The case concerned an illegal immigrant from Jamaica, Joseph St. Aubryn Hill, who had arrived in Grand Cayman it seemed to sell drugs.

The Crown had pressed charges against Hill for possession of an unlicensed firearm and wounding as part of a joint enterprise with a suspect who remains at large and known only as ‘JR’.

Hill denied the charges and said he had been ordered to go with JR by a man called ‘Mr Biggs’ with whom he was staying when he arrived in Cayman two days before and said his life was threatened. Hill said he was told if he kept his mouth shut he would live.

When the men arrived at an address, Powell Smith Drive, Hill told the police that JR produced a gun (a .38 pistol), threatened him and told him to go knock on a door. As he did JR started shooting and wounded the occupant, Charles Ebanks, and warned Hill to get out of the way otherwise he would get shot too.

Hill said that JR was a young, slim-brown skinned Caymanian who had made it clear his life was under threat and whatever he had done at Ebanks’ house was under duress.

The wounding took place on the 24th August 2013.

The Crown were unable to produce any witnesses as to what happened and that included the wounded Charles Ebanks.

Hill’s lawyer, John Furniss, after the close of the Crown’s case made a no-case-submission on behalf of his client.

Justice Quin in his ruling agreed.

“There is an absence of evidence to show that there was common intention and agreement over the gun and the use of the gun,” he said.

The judge pointed to what evidence there was that came only from Hill. JR always had care and control of the firearm and Hill knew nothing of it until JR produced it and threatened him with it. Justice Quin also said there was no evidence before the court that Hill knew who JR planned to shoot and the Crown had not presented any evidence to contradict Hill’s account.

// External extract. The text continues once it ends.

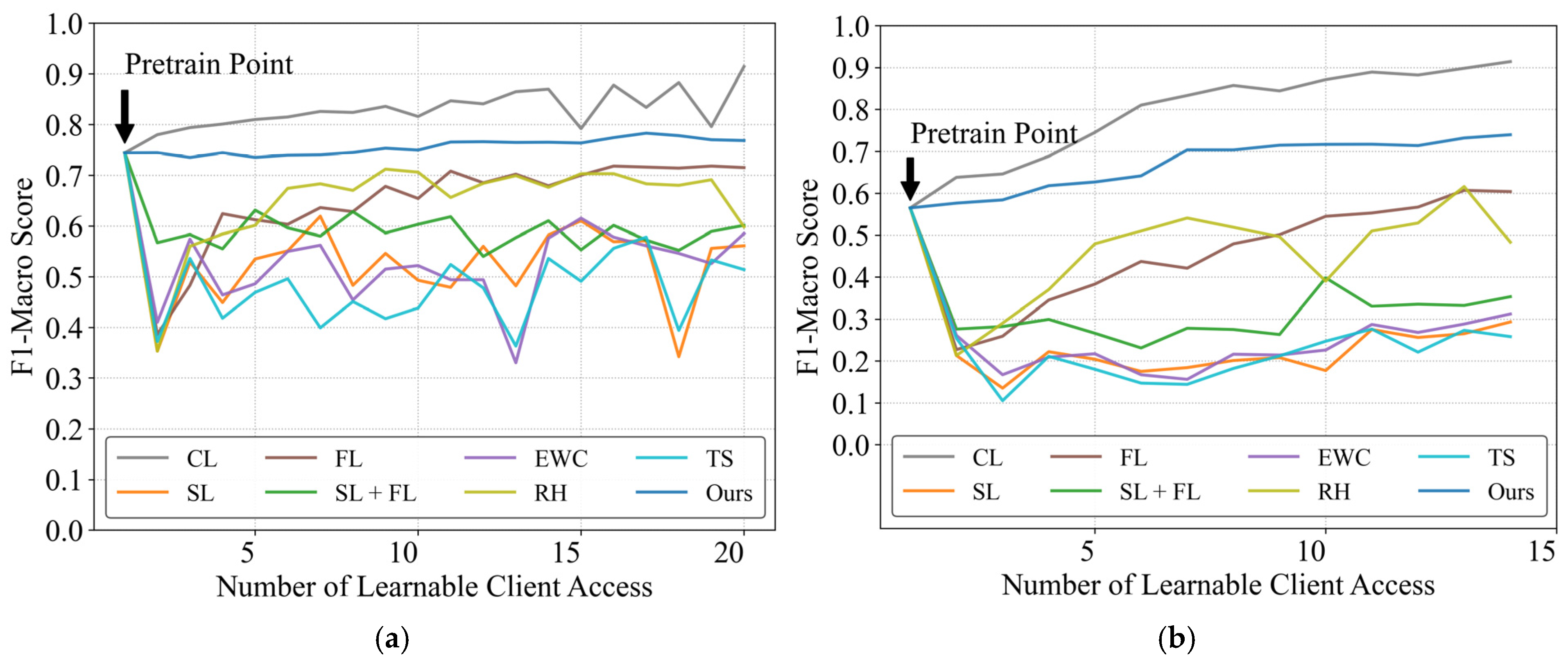 Sensors 25 03667 g003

The evidence against Hill was so “intrinsically weak and so discredited it could not conceivably support a guilty verdict” the judge said and discharged the defendant.

As there was no record of Hill ever landing legally in Cayman, his guilty plea before the summary court for drug charges as well as his own admission of a staying in houses with people he knew only by aliases and driving around a strange country in a drunken stupor, Justice Quin said his presence in Cayman was extremely suspicious and recommended his immediate deportation.

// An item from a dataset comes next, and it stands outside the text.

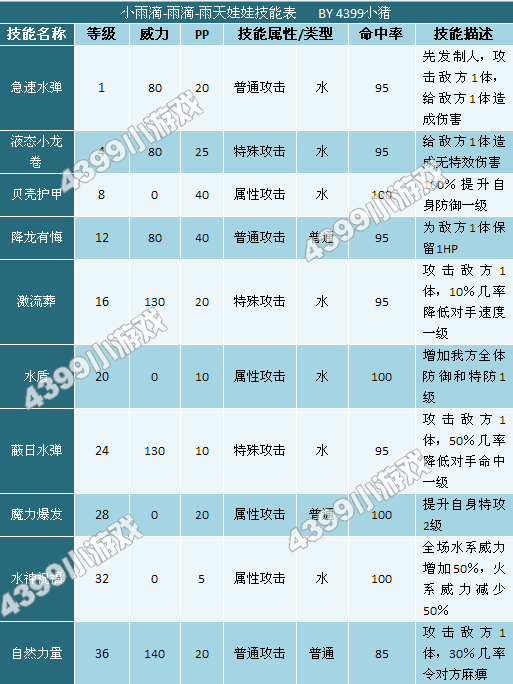 奥拉星雨滴-小雨滴-雨天娃娃技能表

The judge commended the Crown counsel, Ms. Petit, for her presentation saying her case had been “frustrated by the unwillingness of potential Crown witnesses to come forward and give evidence in these proceedings. The fact that these persons have not come forward is deeply regrettable.”

He also said the two police officers who had conducted the investigation thoroughly and had “received some very important intelligence about a gunman known as JR.”